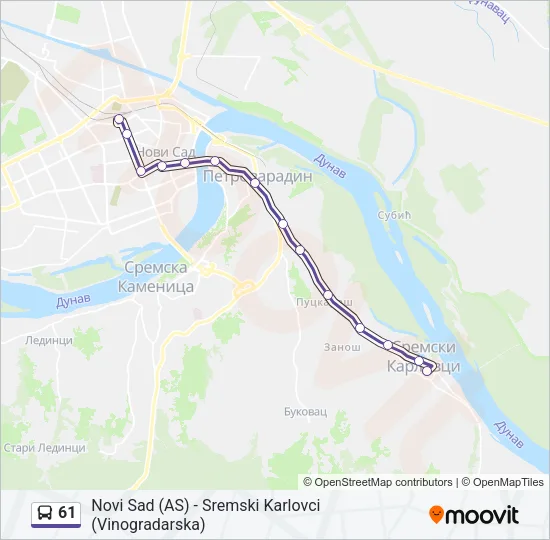 61 Bus Line Map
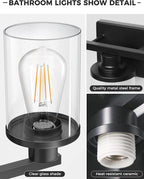 L LOHAS LED 3-Light Black Bathroom Light Fixtures, Modern Bathroom Lighting - Image 4
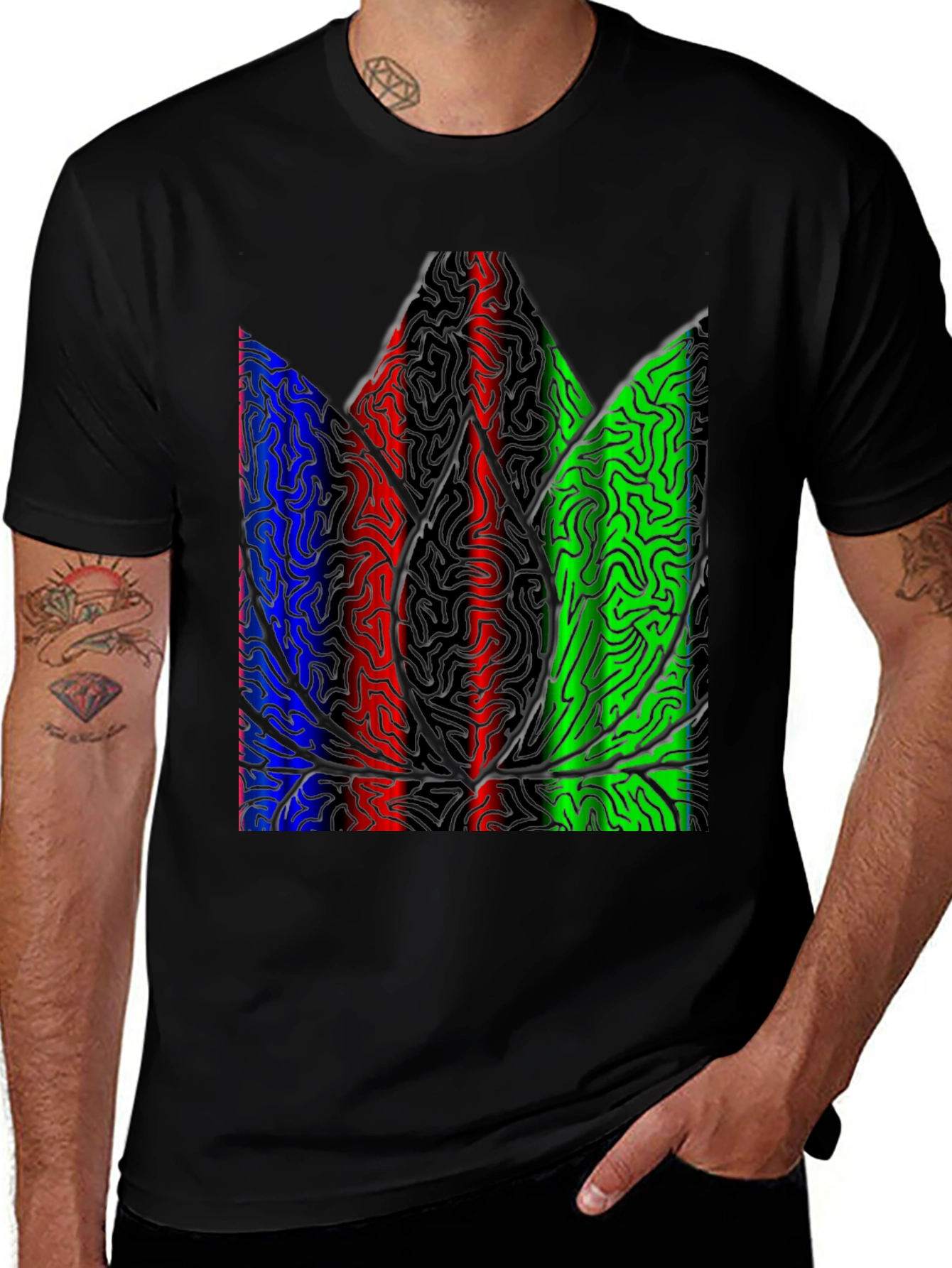 Abstract Leaf Print Black T-Shirt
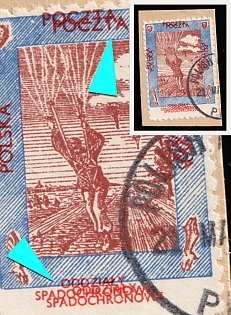 1943 Letter Seal on piece, Polish Forces in Great Britain, WWII, Poland, Circular 'Polish Forces - 21 May' Datestamp, MULTIPLE Printing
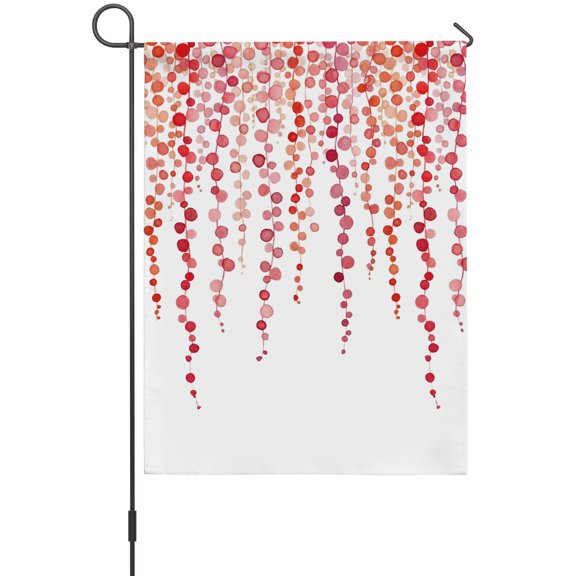 Red Polka Dot House Flags For Outdoor, Watercolor Teal Blue Abstract Leaf Small Double Side Yard Flags Weather Proof House Decor for Lawn Outside Holiday 28 x 40 Inches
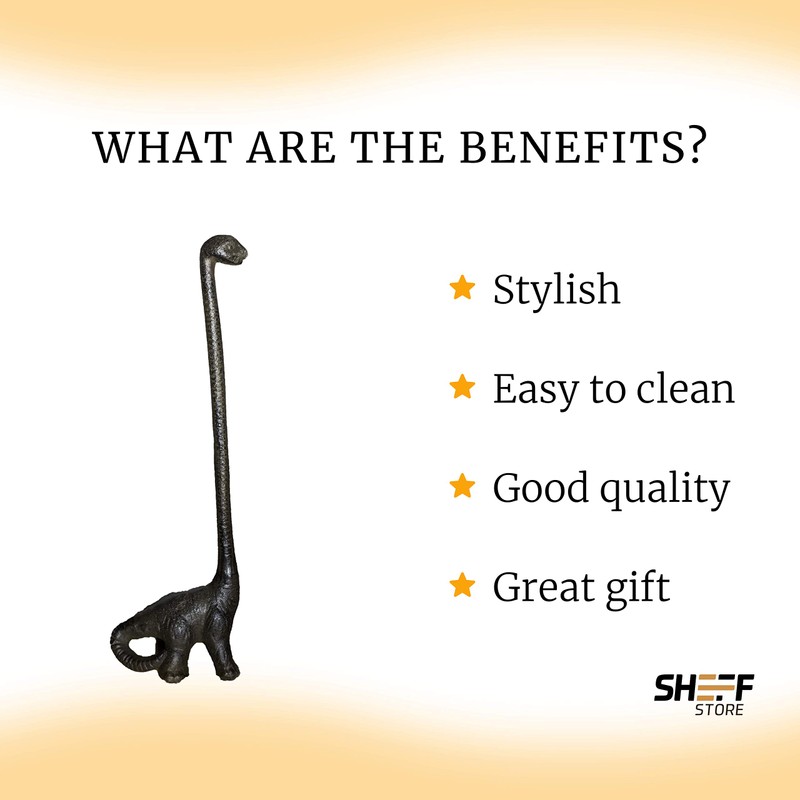 Dinosaur Cast Iron Paper Towel Holder - Sturdy and Functional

▬▬▬

Task goal:
Restate, word for word, each line from the one with "1943 Letter Seal" to the end of the entries, both included, and keep every picture out.

Exercise solution:
 1943 Letter Seal on piece, Polish Forces in Great Britain, WWII, Poland, Circular 'Polish Forces - 21 May' Datestamp, MULTIPLE Printing
 Red Polka Dot House Flags For Outdoor, Watercolor Teal Blue Abstract Leaf Small Double Side Yard Flags Weather Proof House Decor for Lawn Outside Holiday 28 x 40 Inches
 Dinosaur Cast Iron Paper Towel Holder - Sturdy and Functional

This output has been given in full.